Required work: Repeat the data exactly as given below, dropping every picture.

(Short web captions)
------------------------------------------------------------------------

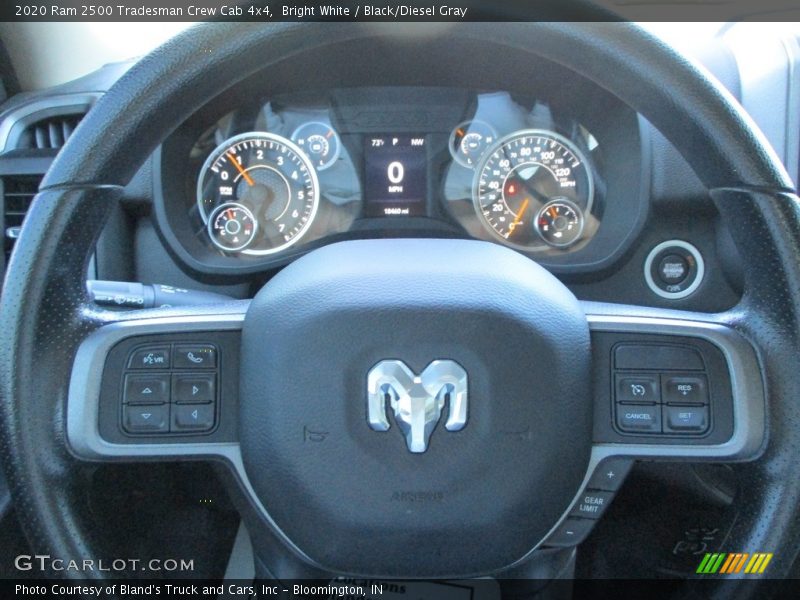 Bright White / Black/Diesel Gray 2020 Ram 2500 Tradesman Crew Cab 4x4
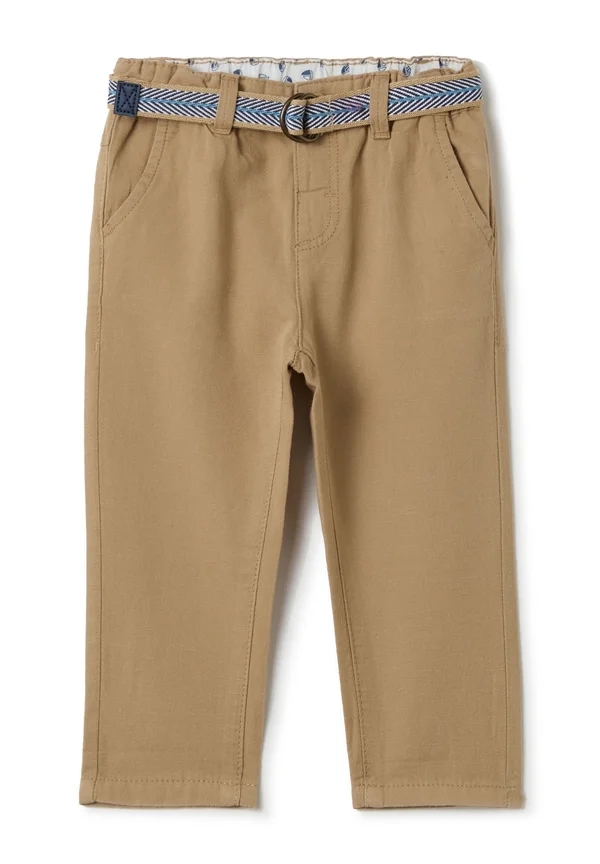 WITH BELT - Stoffhose - beige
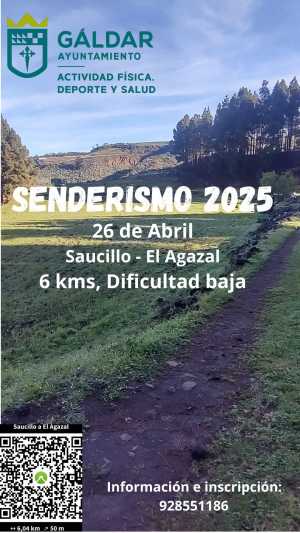 Deportes continúa con el programa de senderos con una ruta el sábado 26 de abril de Saucillo a El Agazal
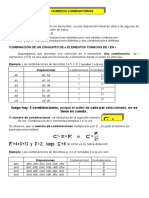 NÚMEROS COMBINATORIOS Ciclo Pre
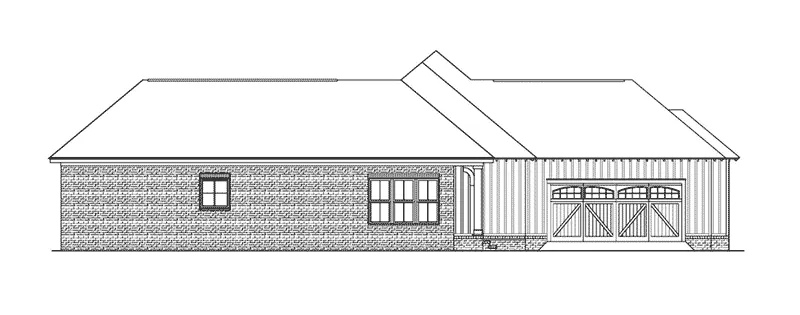 Craftsman House Plan Left Elevation - 024D-0829 - Shop House Plans and More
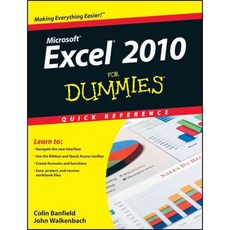Excel 2010 For Dummies Quick Reference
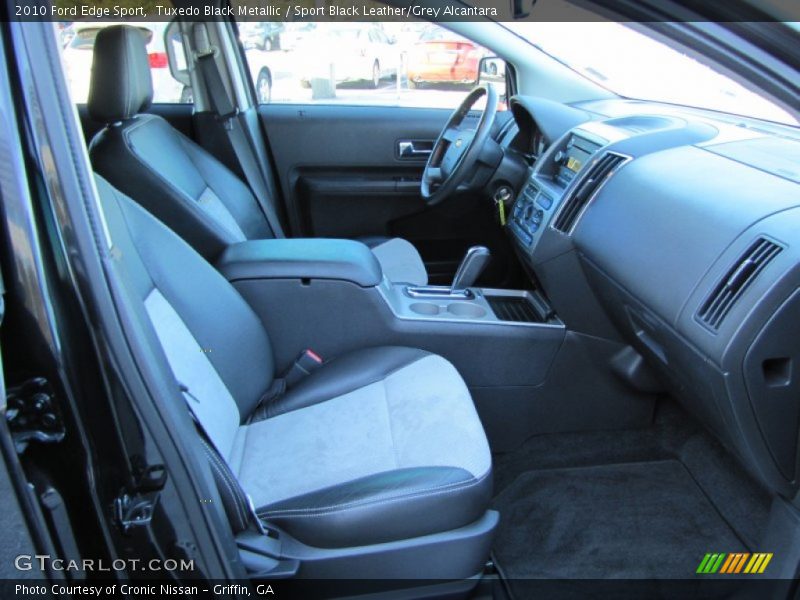 Tuxedo Black Metallic / Sport Black Leather/Grey Alcantara 2010 Ford Edge Sport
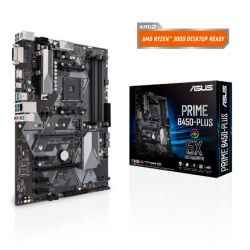Asus | PRIME B450-PLUS | Processor family AMD | Processor socket AM4 | Memory slots 4 | Number of SATA connectors 6 x SATA 6Gb/s connector(s) | Chipset AMD B | ATX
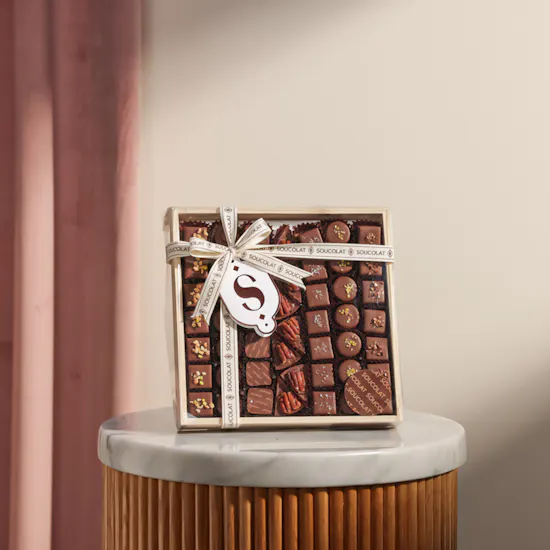 Soucolat Chocolate Collection Wood Tray
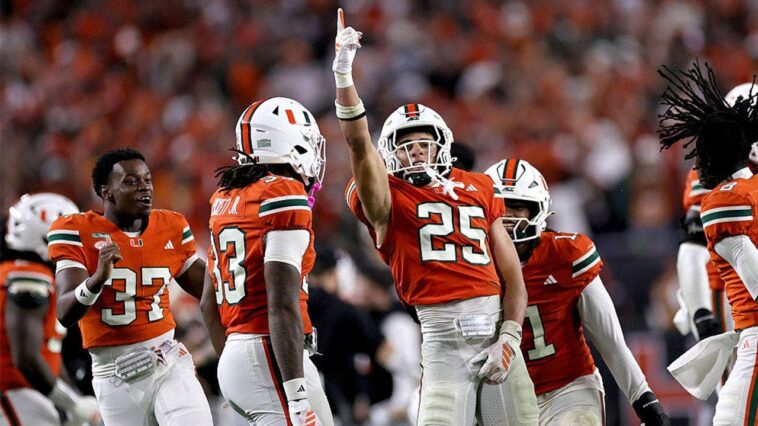 week-7-ap-top-25-poll-features-a-complete-shuffle-after-chaotic-weekend,-with-miami-taking-over-the-top-spot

------------------------------------------------------------------------

Result:
 Bright White / Black/Diesel Gray 2020 Ram 2500 Tradesman Crew Cab 4x4
 WITH BELT - Stoffhose - beige
 Deportes continúa con el programa de senderos con una ruta el sábado 26 de abril de Saucillo a El Agazal
 NÚMEROS COMBINATORIOS Ciclo Pre
 Craftsman House Plan Left Elevation - 024D-0829 - Shop House Plans and More
Excel 2010 For Dummies Quick Reference
 Tuxedo Black Metallic / Sport Black Leather/Grey Alcantara 2010 Ford Edge Sport
Asus | PRIME B450-PLUS | Processor family AMD | Processor socket AM4 | Memory slots 4 | Number of SATA connectors 6 x SATA 6Gb/s connector(s) | Chipset AMD B | ATX
 Soucolat Chocolate Collection Wood Tray
 week-7-ap-top-25-poll-features-a-complete-shuffle-after-chaotic-weekend,-with-miami-taking-over-the-top-spot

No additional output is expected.